If the deep ID we all share is just a longing to transform ourselves or our environment, the totem can be anything. Perhaps within some very broad limits, but still, essentially the totem is random. Countless very distinct goals are consistent with “change!” or “be important!.” It doesn’t have to be based on any actual immediate need. It is a goal unto itself. It is devoid of reason. Reason will be used to achieve that goal, but not to generate it. It was generated by the mysterious, information-deficient totem. Was it a rational calculation that led Michaela to set the goal of specifically becoming a ballerina? That’s a stretch. Was she rational in deciding all the steps to get there, to become a ballerina once the goal was set? I’m guessing mostly yes.

Perhaps people inherently have trouble getting motivated, and this is “solved” by being susceptible to this strange force. But I find something quite bothersome about it. If you think of yourself as a rational being, it's a bit disconcerting that so much of your life can be determined by a fundamentally nonrational process. And it doesn’t stop there.

Glamour and Society

Most of Postrel’s examples are of glamour episodes which were part of big social phenomena. But why would glamour drive lots of people in the same direction?
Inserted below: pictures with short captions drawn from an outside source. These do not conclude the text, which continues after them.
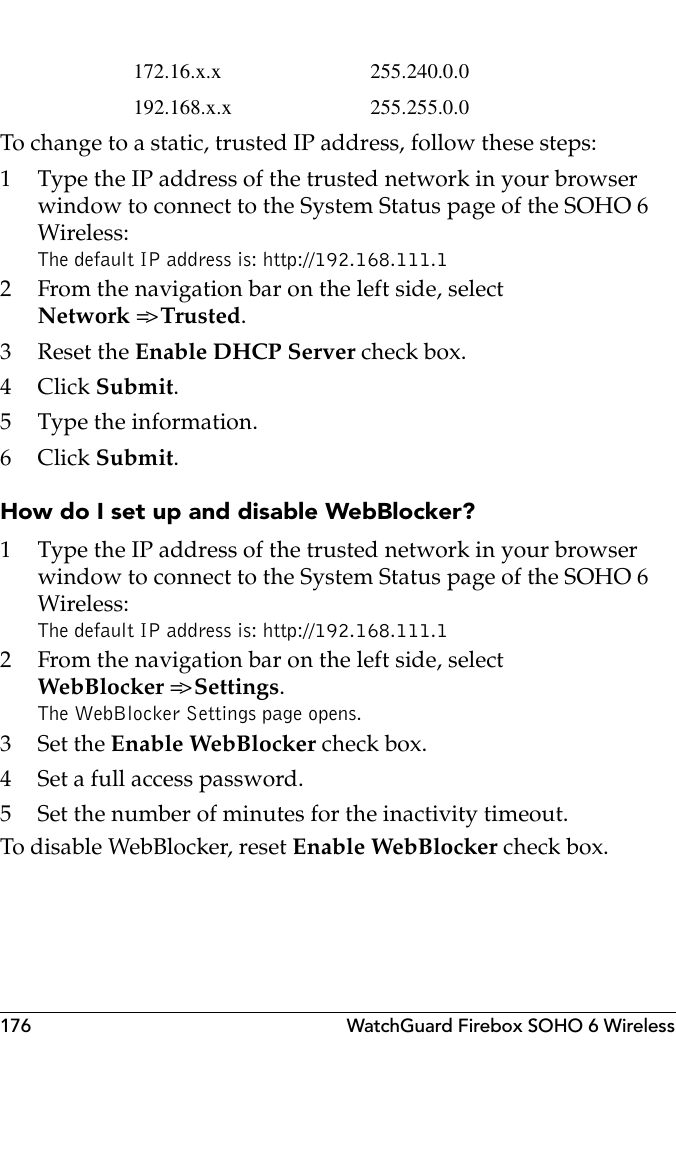 176 WatchGuard Firebox SOHO 6 WirelessTo change to a static, trusted IP address, follow these steps:1 Type the IP address of the trusted network in your browser window to connect to the System Status page of the SOHO 6 Wireless:The default IP address is: http://192.168.111.12 From the navigation bar on the left side, selectNetwork =&gt; Trusted.3 Reset the Enable DHCP Server check box.4Click Submit.5 Type the information.6Click Submit.How do I set up and disable WebBlocker?1 Type the IP address of the trusted network in your browser window to connect to the System Status page of the SOHO 6 Wireless:The default IP address is: http://192.168.111.12 From the navigation bar on the left side, selectWebBlocker =&gt; Settings.The WebBlocker Settings page opens.3Set the Enable WebBlocker check box.4 Set a full access password.5 Set the number of minutes for the inactivity timeout.To disable WebBlocker, reset Enable WebBlocker check box.172.16.x.x 255.240.0.0192.168.x.x 255.255.0.0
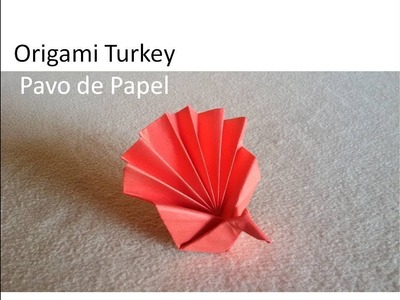 #Origami Turkey.Peacock - Pavo Real de Papel DIY Tutorial Manualidades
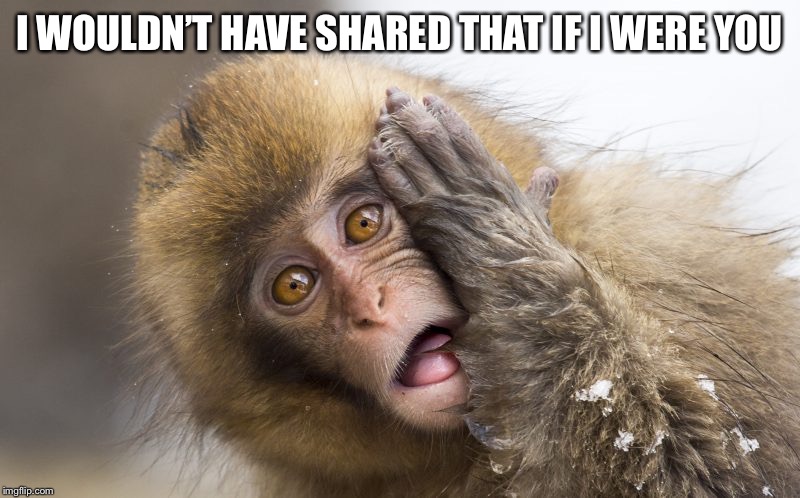 Huh? | I WOULDN’T HAVE SHARED THAT IF I WERE YOU | image tagged in huh | made w/ Imgflip meme maker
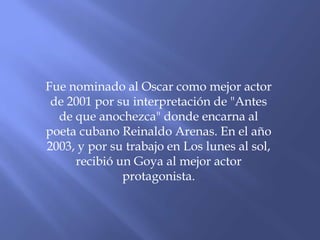 Fue nominado al Oscar como mejor actor
de 2001 por su interpretación de "Antes
de que anochezca" donde encarna al
poeta cubano Reinaldo Arenas. En el año
2003, y por su trabajo en Los lunes al sol,
recibió un Goya al mejor actor
protagonista.
 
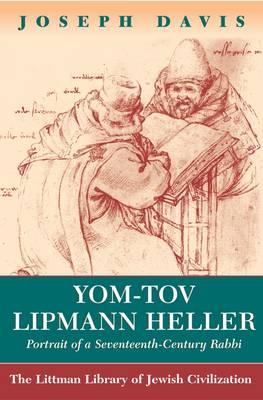 Yom-Tov Lipmann Heller: Portrait of a Seventeenth-Century Rabbi - Davis, Joseph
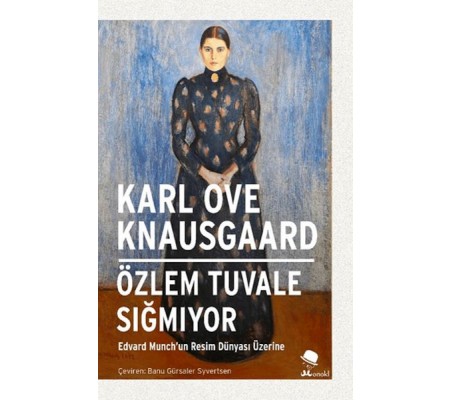 Özlem Tuvale Sığmıyor-Edvard Munch’un Resim Dünyası Üzerine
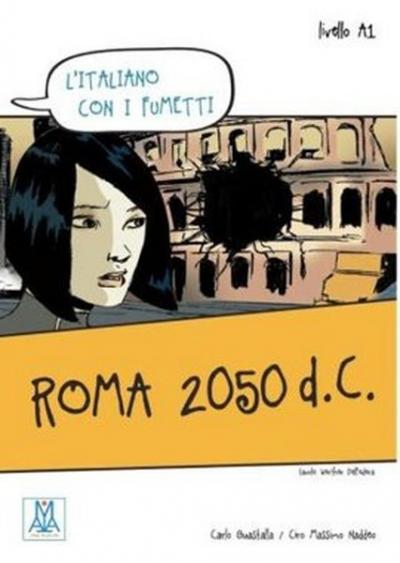 Roma 2050 d.C. (L'italiano Con i fumetti- Livello: A1) İtalyanca Okuma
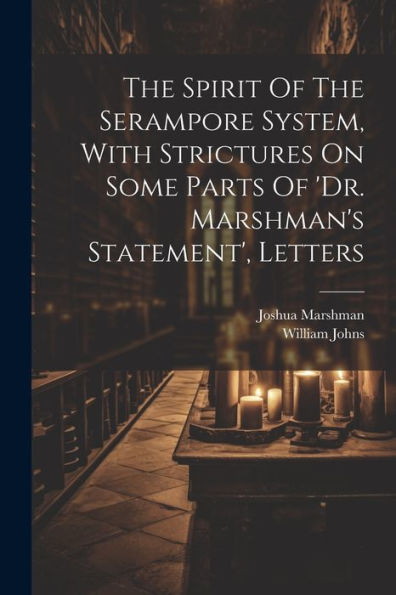 The Spirit Of The Serampore System, With Strictures On Some Parts Of 'Dr. Marshman's Statement', Letters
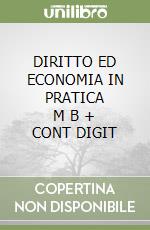 DIRITTO ED ECONOMIA IN PRATICA      M B  + CONT DIGIT libro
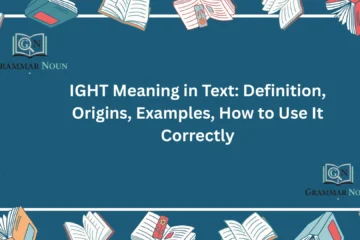 IGHT Meaning in Text: Definition, Origins, Examples, How to Use It Correctly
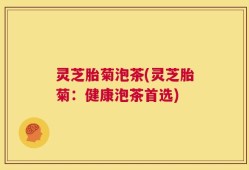 灵芝胎菊泡茶(灵芝胎菊：健康泡茶首选)
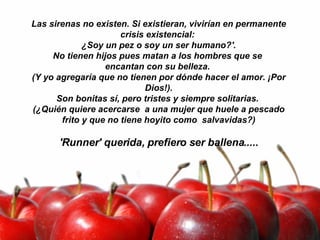 Las sirenas no existen. Si existieran, vivirían en permanente crisis existencial:  ¿Soy un pez o soy un ser humano?'. No tienen hijos pues matan a los hombres que se  encantan con su belleza.  (Y yo agregaría que no tienen por dónde hacer el amor. ¡Por Dios!). Son bonitas sí, pero tristes y siempre solitarias.  (¿Quién quiere acercarse  a una mujer que huele a pescado frito y que no tiene hoyito como  salvavidas?)   'Runner' querida, prefiero ser ballena..... 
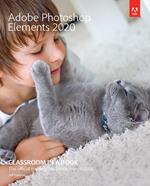 Adobe Photoshop Elements 2020 Classroom in a Book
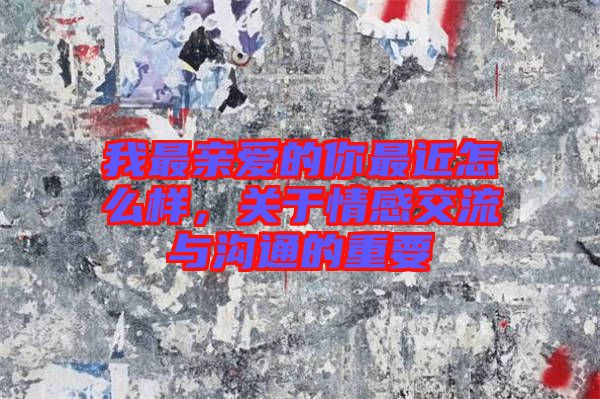 我最親愛的你最近怎么樣，關(guān)于情感交流與溝通的重要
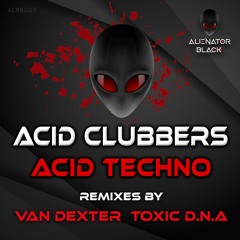 ACID CLUBBERS - Acid Techno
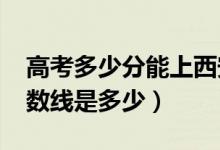 高考多少分能上西安翻譯學院（2020錄取分數(shù)線是多少）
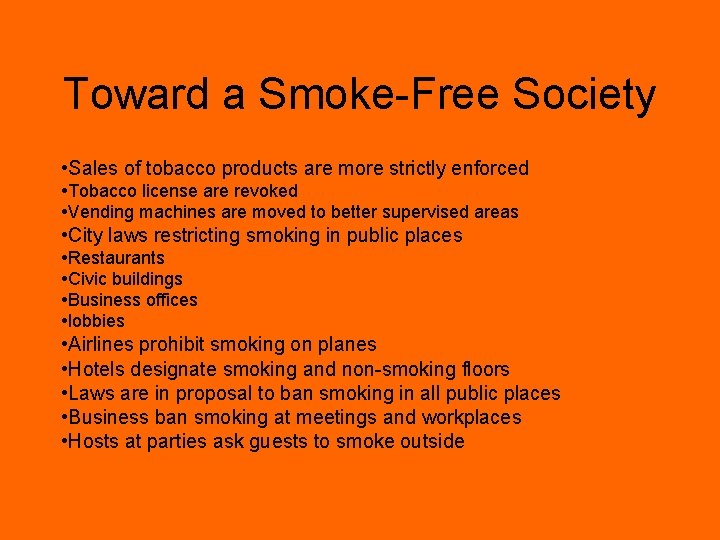 Toward a Smoke-Free Society • Sales of tobacco products are more strictly enforced •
One factor might be the ongoing improvements in the art and science of creating glamorous images and other totems for marketing purposes. Experts in this technology get large numbers of people to, say, buy their product. Important though this may be, the interesting thing to me is how unpredictable the results of this force seem to be. We don’t know precisely what Michaela’s photo actually was. An advertisement perhaps? But whatever the product (a deodorant? a performance of The Nutcracker? a book about Russia?) it seems that thing was not particularly relevant to Michaela at all.

As already mentioned, Postrel argues that the rise of cities vastly increased the power of glamour. “What had been once a rare or occasional experience became all but unavoidable. Instead of a handful of manifestations, glamour took on many forms, embodying a diversity of desires in a wide variety of objects.” Lots of people and things to look at! The simple human tendency to imitate others’ behavior seems like it must play a role here, although Postrel does not explicitly discuss it. The “phase change” that glamour underwent with urbanization may have emerged simply because there was a lot more behavior to observe and imitate. Imitation as a glamour amplifier.

This brings me back to the theme of the glamour’s tenuous relationship with rationality.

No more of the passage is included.